## 2025 YOY Growth Data

In [1]:
%%capture
#!rm *.jsonl  
#!wget -q https://nvd.handsonhacking.org/nvd.jsonl

In [None]:
# Import necessary libraries
from IPython.core.magic import register_cell_magic
from IPython.display import Markdown
from datetime import date
import calplot
import glob
import json
import logging
import matplotlib.pyplot as plt
import numpy as np
import pandas as pd
import warnings

# Register a cell magic for Markdown
@register_cell_magic
def markdown(line, cell):
    return Markdown(cell.format(**globals()))
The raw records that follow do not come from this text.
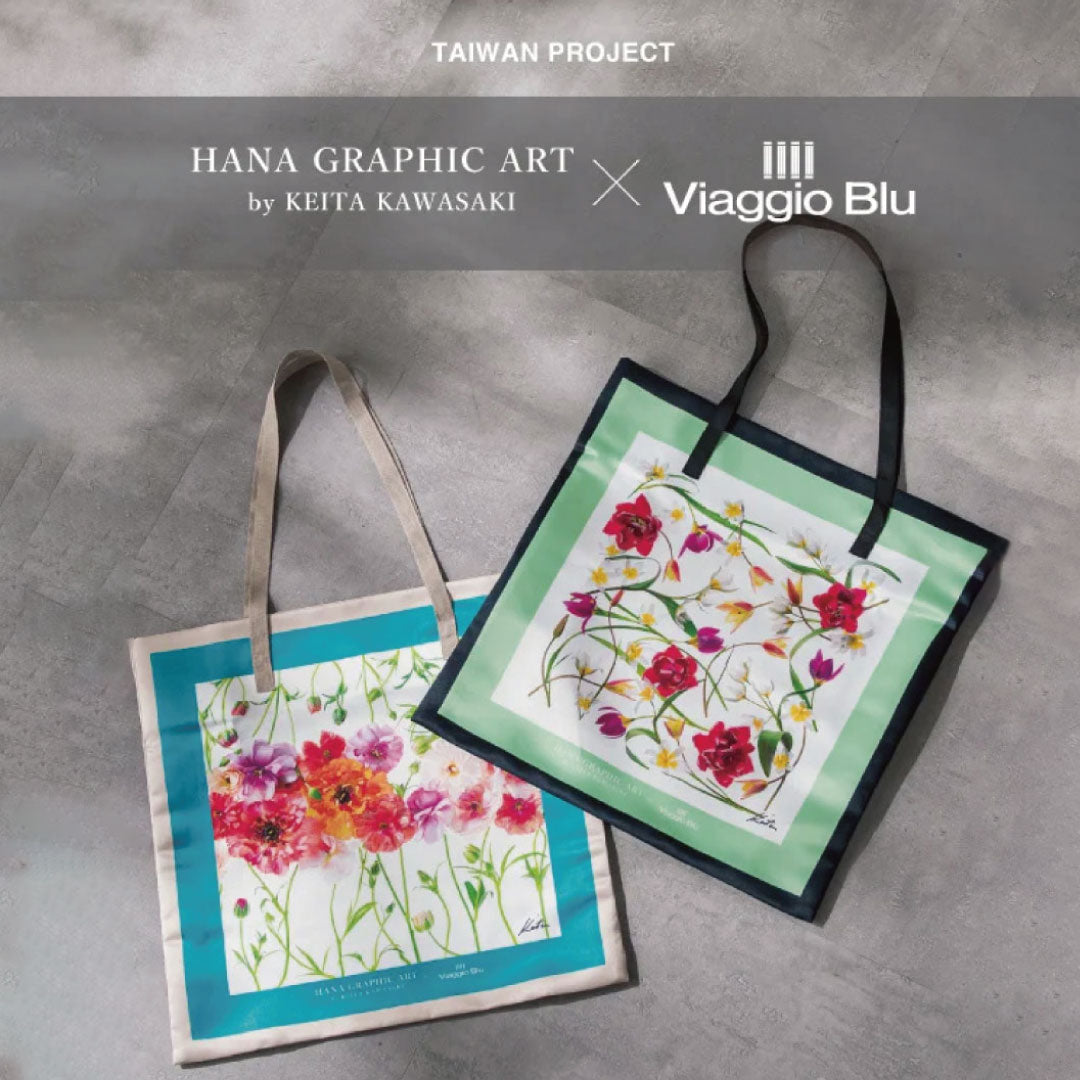 Viaggio Blu × 川崎景太氏【HANA GRAPHICART】台湾でのイベントで限定コラボトートが登場
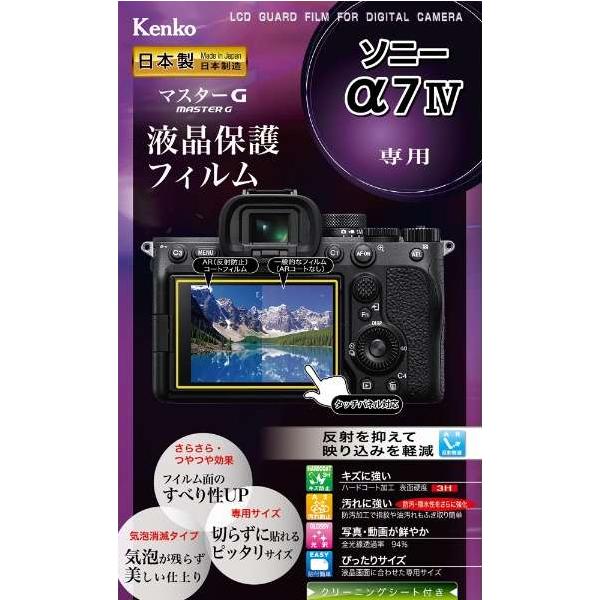 新品未使用】SONY a7Ⅲ 液晶保護フィルム付き （マスターG 液晶保護 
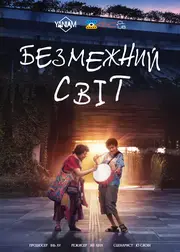 Безмежний світ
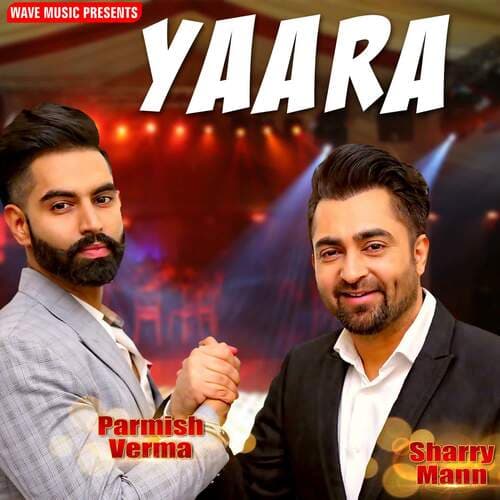 Yaara Reprise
# Configure logging and warnings
logging.getLogger('matplotlib.font_manager').disabled = True
warnings.filterwarnings("ignore")

# Set pandas display options
pd.set_option('display.width', 500)
pd.set_option('display.max_rows', 50)
pd.set_option('display.max_columns', 10)

In [3]:
def get_nested_value(entry, keys, default='Missing_Data'):
    try:
        for key in keys:
            entry = entry[key]
        return entry
    except (KeyError, IndexError):
        return default

row_accumulator = []
for filename in glob.glob('nvd.jsonl'):
    with open(filename, 'r', encoding='utf-8') as f:
        nvd_data = json.load(f)
        for entry in nvd_data:
            new_row = {
                'CVE': get_nested_value(entry, ['cve', 'id']),
                'Published': get_nested_value(entry, ['cve', 'published']),
                'AttackVector': get_nested_value(entry, ['cve', 'metrics', 'cvssMetricV31', 0, 'cvssData', 'attackVector']),
                'AttackComplexity': get_nested_value(entry, ['cve', 'metrics', 'cvssMetricV31', 0, 'cvssData', 'attackComplexity']),
                'PrivilegesRequired': get_nested_value(entry, ['cve', 'metrics', 'cvssMetricV31', 0, 'cvssData', 'privilegesRequired']),
                'UserInteraction': get_nested_value(entry, ['cve', 'metrics', 'cvssMetricV31', 0, 'cvssData', 'userInteraction']),
                'Scope': get_nested_value(entry, ['cve', 'metrics', 'cvssMetricV31', 0, 'cvssData', 'scope']),
                'ConfidentialityImpact': get_nested_value(entry, ['cve', 'metrics', 'cvssMetricV31', 0, 'cvssData', 'confidentialityImpact']),
                'IntegrityImpact': get_nested_value(entry, ['cve', 'metrics', 'cvssMetricV31', 0, 'cvssData', 'integrityImpact']),
                'AvailabilityImpact': get_nested_value(entry, ['cve', 'metrics', 'cvssMetricV31', 0, 'cvssData', 'availabilityImpact']),
                'BaseScore': get_nested_value(entry, ['cve', 'metrics', 'cvssMetricV31', 0, 'cvssData', 'baseScore'], '0.0'),
                'BaseSeverity': get_nested_value(entry, ['cve', 'metrics', 'cvssMetricV31', 0, 'cvssData', 'baseSeverity']),
                'ExploitabilityScore': get_nested_value(entry, ['cve', 'metrics', 'cvssMetricV31', 0, 'exploitabilityScore']),
                'ImpactScore': get_nested_value(entry, ['cve', 'metrics', 'cvssMetricV31', 0, 'impactScore']),
                'CWE': get_nested_value(entry, ['cve', 'weaknesses', 0, 'description', 0, 'value']),
                'Description': get_nested_value(entry, ['cve', 'descriptions', 0, 'value'], ''),
                'Assigner': get_nested_value(entry, ['cve', 'sourceIdentifier']),
                'Tag': get_nested_value(entry, ['cve', 'cveTags', 0, 'tags'], np.nan),
                'Status': get_nested_value(entry, ['cve', 'vulnStatus'], '')
            }
            row_accumulator.append(new_row)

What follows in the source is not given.